Mixing & Matching Patterns

Trying to get that professionally designed look for your room can be frustrating.  How did they figure out that you can pair a bold floral throw pillow on a striped chair?  Mixing fabric patterns is not for the faint of heart, but if done properly, will make the room look professionally done.  How do you do it?

Two factors come in to play when mixing patterns within a room.


Size in design is often referred to as scale.  If a lamp doesn’t match the scale of a table, it’s just design speak for saying the lamp's too big for that little table.  Scale in a room is balancing sizes to blend and harmonize.  The same concept goes for fabrics and pattern, but when pairing patterns, you want to the scale to be different on each so they complement rather than clash and fight for attention.

For example, take a floral throw pillow on a floral chair.   If they both have the same sized florals in the fabric, they’re going to be fighting for attention and look jumbled.  If you have a pattern with small rosebuds against a large scaled floral, they’re going to complement each other.


Density refers to how busy the pattern is and how much background is showing – in other words, how tightly grouped the pattern is.  When you mix a low density fabric with high density, they complement each other rather than compete.  For instance, with that floral throw pillow and chair, the small rosebud throw pillow has low density against the high density patterned chair, and that, combined with the difference in scale, is what makes these two patterns work together.

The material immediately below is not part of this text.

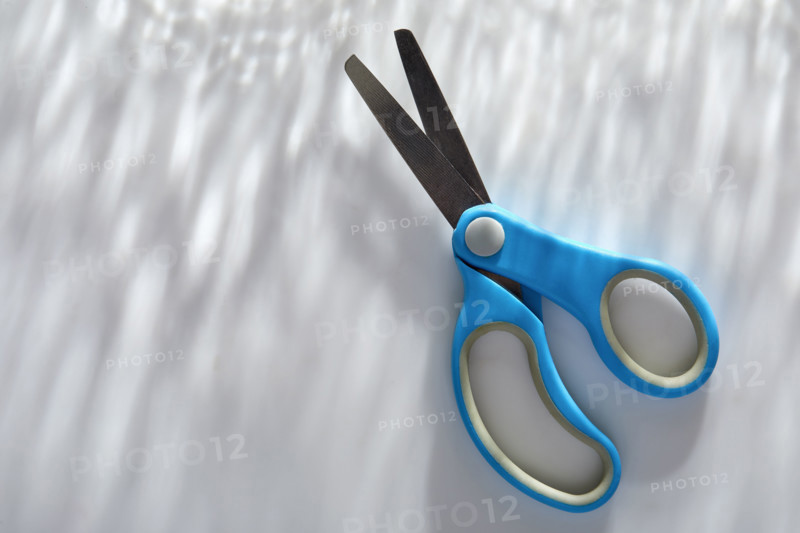 Blue children's scissors on white background
New York City, New York State, USA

Mixing patterns can be used on more than fabrics and upholstery, if you’re trying to spruce up a room and pull together a decorating style, interior decorators often use area rugs.  It’s an easy, affordable way to introduce a pattern with a different scale and density than the current furnishings.

Drapes are another decorating element that can be used to add a mix of patterns into the room, pair striped drapes with bold floral upholstery for a classic look.

In fact, for those who are taking baby steps into the world of pattern mixing, stripes and checks are good basics to start with.